## Given information
################

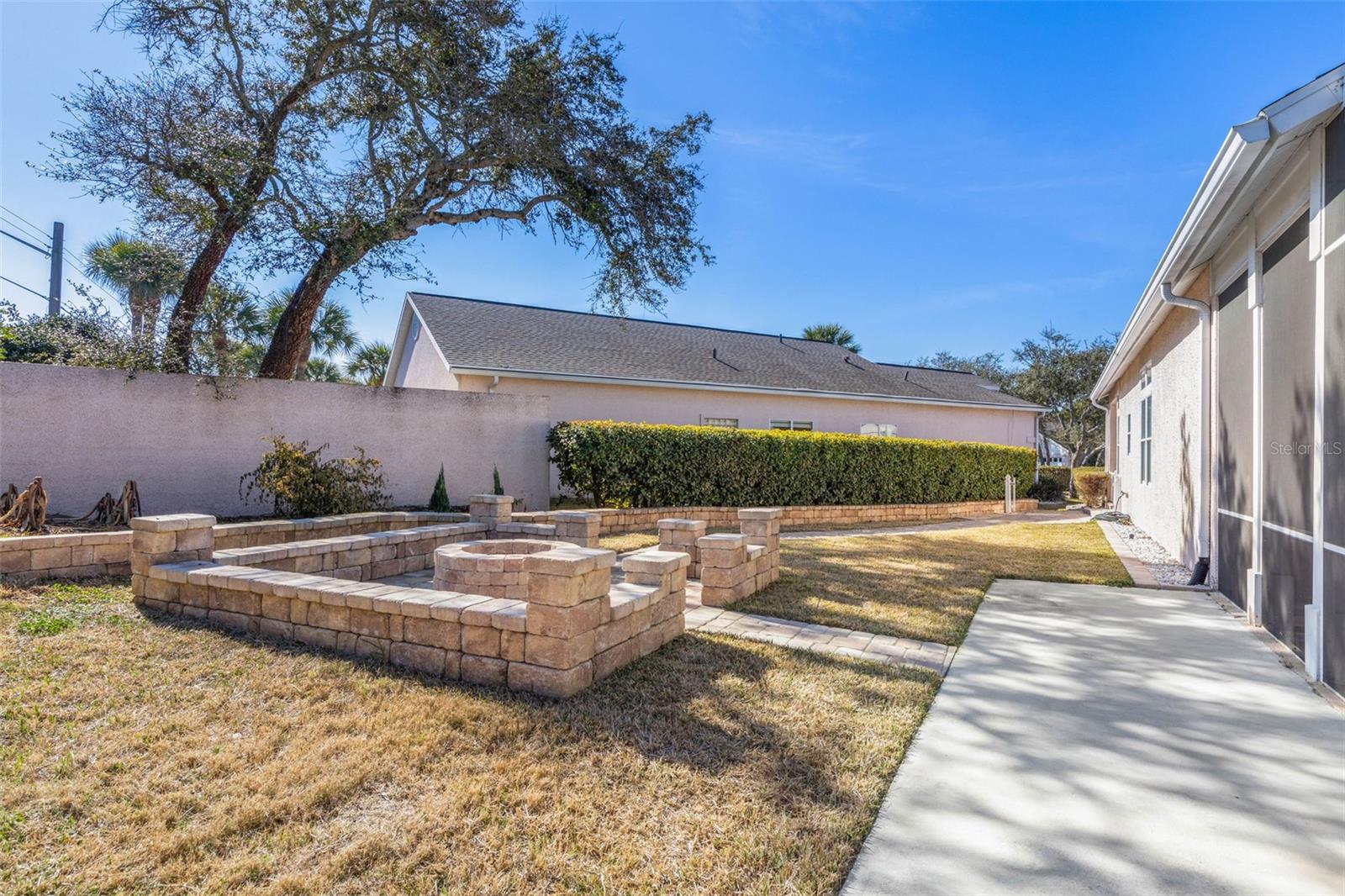 Image 33 of 70 For 204 Sea Woods Drive N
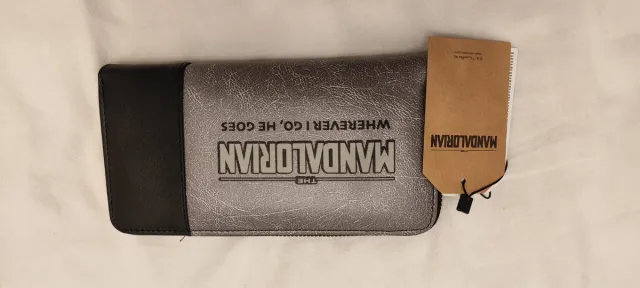 Monedero mandalorian bebe yoda star wars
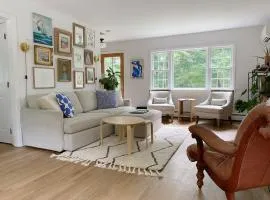 CT Retreat - Stream, Lush Gardens, Optional Studio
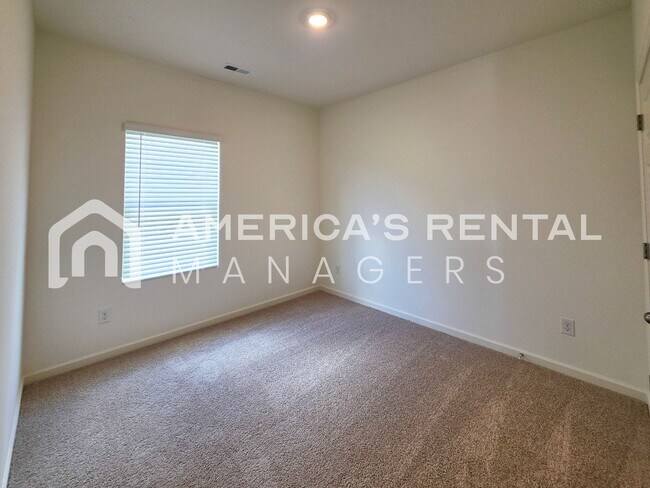 Building Photo - New Construction Home for Rent - Available NOW!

################

## What you need to do
Any images must be left out; transcribe the rest of the material exactly.

## Answer below
 Image 33 of 70 For 204 Sea Woods Drive N
 Monedero mandalorian bebe yoda star wars
 CT Retreat - Stream, Lush Gardens, Optional Studio
 Building Photo - New Construction Home for Rent - Available NOW!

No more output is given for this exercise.